*What you will do*. The required output is the exact run of lines below that opens at the line with "Oracle 11-14 Chrysler" and closes at the line with "Dolce & Gabbana".
═════ Dataset entries ═════
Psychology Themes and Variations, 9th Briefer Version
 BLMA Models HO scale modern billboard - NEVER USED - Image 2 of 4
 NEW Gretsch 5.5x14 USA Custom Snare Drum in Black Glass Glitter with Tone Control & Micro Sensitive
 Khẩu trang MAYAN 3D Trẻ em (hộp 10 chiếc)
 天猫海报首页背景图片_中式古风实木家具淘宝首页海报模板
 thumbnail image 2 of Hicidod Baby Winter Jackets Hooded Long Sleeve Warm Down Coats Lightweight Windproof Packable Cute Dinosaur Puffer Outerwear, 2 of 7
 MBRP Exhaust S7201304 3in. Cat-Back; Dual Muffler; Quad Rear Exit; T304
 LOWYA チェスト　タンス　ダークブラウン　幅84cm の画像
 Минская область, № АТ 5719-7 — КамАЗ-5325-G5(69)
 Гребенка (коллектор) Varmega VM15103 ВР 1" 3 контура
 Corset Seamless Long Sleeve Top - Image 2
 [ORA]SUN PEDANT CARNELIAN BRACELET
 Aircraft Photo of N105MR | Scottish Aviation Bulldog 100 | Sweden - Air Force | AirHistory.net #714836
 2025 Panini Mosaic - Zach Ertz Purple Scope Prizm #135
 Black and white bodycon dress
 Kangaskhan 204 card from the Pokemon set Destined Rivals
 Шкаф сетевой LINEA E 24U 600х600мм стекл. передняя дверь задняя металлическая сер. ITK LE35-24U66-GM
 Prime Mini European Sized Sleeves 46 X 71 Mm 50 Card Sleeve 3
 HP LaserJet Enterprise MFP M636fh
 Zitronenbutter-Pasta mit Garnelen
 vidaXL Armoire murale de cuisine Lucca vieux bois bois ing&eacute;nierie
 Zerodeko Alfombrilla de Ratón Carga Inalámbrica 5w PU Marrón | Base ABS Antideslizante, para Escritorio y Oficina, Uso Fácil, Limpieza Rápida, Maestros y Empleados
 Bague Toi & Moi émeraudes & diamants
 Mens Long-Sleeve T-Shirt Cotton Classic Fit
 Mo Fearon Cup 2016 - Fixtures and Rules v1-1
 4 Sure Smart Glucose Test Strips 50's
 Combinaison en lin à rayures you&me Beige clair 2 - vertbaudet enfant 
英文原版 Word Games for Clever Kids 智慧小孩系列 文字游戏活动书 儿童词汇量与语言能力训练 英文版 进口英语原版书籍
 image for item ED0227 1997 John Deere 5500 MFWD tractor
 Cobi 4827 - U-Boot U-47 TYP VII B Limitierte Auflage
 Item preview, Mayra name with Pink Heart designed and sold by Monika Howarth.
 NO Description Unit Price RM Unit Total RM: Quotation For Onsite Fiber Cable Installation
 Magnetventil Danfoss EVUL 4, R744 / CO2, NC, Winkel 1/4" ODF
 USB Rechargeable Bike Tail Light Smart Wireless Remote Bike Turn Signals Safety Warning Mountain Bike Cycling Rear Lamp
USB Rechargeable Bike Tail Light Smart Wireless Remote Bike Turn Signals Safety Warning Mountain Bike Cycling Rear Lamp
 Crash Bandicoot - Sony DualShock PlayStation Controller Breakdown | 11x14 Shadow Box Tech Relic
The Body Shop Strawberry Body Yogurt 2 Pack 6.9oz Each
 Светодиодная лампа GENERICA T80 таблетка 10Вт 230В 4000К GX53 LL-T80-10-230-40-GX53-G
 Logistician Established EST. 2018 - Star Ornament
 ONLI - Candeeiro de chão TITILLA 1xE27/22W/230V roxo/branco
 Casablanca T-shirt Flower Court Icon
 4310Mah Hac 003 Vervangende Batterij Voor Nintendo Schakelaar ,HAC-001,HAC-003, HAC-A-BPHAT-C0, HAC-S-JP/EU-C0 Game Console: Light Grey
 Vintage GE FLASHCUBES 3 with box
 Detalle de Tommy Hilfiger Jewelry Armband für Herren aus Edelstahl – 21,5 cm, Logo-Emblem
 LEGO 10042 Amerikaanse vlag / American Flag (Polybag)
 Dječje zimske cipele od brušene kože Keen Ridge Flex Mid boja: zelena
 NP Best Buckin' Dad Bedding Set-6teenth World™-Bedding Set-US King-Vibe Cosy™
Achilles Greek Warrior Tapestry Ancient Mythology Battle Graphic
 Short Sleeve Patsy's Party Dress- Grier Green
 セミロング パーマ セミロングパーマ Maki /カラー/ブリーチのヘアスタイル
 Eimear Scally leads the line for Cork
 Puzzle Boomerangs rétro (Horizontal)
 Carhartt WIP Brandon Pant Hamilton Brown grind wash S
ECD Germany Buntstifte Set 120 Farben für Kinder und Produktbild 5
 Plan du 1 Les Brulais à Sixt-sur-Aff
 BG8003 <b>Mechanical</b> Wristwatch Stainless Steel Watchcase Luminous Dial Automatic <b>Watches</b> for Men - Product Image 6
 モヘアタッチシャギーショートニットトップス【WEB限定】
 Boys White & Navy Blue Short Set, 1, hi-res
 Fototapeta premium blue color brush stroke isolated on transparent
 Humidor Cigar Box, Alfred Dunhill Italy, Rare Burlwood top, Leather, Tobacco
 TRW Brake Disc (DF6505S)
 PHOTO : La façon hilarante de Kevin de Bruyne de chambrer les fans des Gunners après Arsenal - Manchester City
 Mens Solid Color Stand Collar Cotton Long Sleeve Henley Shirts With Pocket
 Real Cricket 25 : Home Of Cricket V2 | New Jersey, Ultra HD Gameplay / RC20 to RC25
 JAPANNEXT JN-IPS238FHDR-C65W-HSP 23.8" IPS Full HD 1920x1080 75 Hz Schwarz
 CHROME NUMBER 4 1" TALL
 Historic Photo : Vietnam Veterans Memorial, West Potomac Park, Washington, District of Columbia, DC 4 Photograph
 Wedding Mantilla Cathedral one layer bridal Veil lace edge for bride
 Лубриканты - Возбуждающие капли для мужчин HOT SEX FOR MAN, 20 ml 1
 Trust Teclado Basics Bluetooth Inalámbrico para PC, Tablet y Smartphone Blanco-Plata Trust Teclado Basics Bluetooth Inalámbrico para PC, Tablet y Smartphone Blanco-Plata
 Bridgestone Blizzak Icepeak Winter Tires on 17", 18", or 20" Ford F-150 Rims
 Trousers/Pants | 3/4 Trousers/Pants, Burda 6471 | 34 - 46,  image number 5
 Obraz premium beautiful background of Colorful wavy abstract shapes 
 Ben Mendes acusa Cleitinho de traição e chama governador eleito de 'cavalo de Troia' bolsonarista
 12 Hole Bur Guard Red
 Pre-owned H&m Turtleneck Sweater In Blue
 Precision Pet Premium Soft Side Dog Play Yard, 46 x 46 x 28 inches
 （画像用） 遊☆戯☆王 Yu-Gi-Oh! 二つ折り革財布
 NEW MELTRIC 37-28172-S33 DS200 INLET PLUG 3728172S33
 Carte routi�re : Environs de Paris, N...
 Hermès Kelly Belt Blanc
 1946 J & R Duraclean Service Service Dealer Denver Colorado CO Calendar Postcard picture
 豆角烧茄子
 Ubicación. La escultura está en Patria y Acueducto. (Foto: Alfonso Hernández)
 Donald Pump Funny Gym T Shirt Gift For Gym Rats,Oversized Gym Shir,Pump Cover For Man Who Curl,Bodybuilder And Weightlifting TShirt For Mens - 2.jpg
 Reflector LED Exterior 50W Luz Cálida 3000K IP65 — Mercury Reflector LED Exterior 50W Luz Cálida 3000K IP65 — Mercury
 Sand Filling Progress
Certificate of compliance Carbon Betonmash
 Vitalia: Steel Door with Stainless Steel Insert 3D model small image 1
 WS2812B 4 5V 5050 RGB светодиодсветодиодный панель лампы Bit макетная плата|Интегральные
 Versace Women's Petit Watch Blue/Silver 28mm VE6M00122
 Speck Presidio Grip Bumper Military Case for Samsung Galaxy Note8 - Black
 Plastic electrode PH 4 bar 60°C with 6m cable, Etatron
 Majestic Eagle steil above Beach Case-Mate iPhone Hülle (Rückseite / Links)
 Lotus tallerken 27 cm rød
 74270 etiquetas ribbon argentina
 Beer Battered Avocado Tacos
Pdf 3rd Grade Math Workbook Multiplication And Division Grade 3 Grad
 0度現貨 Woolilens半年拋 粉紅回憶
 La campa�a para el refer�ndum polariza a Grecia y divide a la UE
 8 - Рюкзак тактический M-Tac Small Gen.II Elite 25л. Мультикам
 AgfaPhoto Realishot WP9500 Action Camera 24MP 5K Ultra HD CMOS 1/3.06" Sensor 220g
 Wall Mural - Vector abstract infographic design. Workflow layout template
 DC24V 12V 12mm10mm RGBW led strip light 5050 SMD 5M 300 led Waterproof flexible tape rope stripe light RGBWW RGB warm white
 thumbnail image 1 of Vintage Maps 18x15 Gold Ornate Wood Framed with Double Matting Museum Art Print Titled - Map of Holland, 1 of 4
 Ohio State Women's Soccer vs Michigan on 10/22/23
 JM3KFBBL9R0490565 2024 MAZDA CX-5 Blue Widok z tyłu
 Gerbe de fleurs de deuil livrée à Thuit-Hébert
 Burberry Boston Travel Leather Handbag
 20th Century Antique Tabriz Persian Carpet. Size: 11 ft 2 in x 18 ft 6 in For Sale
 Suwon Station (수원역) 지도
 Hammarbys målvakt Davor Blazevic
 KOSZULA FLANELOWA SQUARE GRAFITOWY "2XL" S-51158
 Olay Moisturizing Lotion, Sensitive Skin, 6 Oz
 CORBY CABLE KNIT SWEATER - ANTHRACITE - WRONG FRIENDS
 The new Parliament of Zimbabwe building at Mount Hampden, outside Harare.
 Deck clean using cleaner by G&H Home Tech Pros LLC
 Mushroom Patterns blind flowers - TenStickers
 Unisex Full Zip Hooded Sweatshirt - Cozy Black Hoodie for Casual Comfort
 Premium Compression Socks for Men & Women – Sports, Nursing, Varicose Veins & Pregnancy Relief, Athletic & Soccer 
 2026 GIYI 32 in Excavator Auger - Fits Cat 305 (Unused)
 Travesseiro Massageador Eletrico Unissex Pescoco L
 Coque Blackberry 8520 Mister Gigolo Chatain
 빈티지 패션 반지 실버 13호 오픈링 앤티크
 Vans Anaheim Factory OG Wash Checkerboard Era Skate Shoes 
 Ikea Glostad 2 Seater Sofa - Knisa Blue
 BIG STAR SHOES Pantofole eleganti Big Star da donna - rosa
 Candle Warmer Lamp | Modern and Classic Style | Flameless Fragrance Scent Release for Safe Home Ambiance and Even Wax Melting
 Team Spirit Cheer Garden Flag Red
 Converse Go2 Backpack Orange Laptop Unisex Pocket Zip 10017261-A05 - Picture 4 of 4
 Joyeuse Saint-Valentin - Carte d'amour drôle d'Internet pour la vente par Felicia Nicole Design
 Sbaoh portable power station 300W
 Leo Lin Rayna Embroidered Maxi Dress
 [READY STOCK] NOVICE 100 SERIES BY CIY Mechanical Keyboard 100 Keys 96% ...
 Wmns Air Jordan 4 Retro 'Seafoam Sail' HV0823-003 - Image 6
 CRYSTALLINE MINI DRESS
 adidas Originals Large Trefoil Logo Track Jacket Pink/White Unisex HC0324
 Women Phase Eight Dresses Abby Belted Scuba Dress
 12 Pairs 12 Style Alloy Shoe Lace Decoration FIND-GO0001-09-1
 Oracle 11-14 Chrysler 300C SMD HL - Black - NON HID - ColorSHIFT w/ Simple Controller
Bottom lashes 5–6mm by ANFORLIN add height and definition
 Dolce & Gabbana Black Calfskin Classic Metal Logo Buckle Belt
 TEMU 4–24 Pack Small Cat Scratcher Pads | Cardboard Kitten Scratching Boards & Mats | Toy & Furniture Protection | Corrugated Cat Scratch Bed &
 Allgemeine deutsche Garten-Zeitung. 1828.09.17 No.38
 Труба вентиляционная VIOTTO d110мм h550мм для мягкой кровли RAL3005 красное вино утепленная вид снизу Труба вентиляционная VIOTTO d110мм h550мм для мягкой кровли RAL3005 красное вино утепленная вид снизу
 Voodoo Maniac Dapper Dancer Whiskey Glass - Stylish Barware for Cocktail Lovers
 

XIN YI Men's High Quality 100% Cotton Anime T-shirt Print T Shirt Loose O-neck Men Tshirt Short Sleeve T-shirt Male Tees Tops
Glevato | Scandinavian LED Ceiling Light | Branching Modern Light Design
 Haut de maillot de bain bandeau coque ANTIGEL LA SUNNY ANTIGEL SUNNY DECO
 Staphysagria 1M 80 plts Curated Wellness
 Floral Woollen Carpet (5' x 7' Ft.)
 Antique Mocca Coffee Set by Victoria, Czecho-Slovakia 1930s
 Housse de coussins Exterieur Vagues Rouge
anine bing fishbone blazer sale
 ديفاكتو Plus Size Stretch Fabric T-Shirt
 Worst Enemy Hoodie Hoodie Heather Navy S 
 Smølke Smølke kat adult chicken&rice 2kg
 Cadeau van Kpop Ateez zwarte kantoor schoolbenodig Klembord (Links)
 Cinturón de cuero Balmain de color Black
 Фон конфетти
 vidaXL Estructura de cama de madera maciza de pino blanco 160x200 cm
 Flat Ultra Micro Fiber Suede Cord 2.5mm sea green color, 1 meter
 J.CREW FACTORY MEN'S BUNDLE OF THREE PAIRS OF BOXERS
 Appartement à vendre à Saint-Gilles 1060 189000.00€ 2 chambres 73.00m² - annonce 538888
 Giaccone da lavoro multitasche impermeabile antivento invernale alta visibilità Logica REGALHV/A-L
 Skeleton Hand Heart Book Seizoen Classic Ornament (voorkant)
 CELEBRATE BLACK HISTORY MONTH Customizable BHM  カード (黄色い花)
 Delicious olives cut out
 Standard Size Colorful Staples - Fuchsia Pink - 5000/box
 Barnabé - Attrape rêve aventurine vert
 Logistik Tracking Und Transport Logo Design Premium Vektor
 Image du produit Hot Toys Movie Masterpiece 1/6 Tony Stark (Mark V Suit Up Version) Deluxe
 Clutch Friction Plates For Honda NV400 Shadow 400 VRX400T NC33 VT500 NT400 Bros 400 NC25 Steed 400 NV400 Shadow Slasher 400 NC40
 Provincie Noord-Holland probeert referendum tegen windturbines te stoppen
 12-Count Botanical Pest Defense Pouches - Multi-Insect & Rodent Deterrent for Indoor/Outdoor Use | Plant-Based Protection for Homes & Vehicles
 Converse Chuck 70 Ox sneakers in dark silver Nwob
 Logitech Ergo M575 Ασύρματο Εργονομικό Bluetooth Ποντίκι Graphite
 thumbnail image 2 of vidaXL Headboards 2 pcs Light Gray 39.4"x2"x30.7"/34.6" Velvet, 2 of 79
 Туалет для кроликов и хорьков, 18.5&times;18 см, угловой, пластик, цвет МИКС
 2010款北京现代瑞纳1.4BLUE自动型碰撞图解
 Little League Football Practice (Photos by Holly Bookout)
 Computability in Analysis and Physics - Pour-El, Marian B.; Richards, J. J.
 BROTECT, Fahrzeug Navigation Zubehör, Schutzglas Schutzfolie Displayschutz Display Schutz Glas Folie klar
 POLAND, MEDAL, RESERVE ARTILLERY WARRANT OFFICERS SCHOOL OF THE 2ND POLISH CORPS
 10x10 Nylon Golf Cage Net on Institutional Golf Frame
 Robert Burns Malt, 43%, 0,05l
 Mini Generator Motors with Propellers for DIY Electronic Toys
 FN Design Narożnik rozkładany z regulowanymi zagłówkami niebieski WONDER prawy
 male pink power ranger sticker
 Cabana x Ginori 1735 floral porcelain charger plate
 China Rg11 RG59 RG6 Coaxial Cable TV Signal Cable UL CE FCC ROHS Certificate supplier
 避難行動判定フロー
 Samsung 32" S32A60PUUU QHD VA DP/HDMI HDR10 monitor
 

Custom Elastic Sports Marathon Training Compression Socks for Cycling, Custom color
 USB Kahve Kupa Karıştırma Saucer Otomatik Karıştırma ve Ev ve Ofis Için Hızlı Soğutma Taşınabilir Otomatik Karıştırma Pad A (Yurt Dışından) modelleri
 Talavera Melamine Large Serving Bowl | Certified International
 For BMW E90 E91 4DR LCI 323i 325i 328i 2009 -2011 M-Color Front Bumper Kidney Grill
═════
*Response box*.
 Oracle 11-14 Chrysler 300C SMD HL - Black - NON HID - ColorSHIFT w/ Simple Controller
Bottom lashes 5–6mm by ANFORLIN add height and definition
 Dolce & Gabbana Black Calfskin Classic Metal Logo Buckle Belt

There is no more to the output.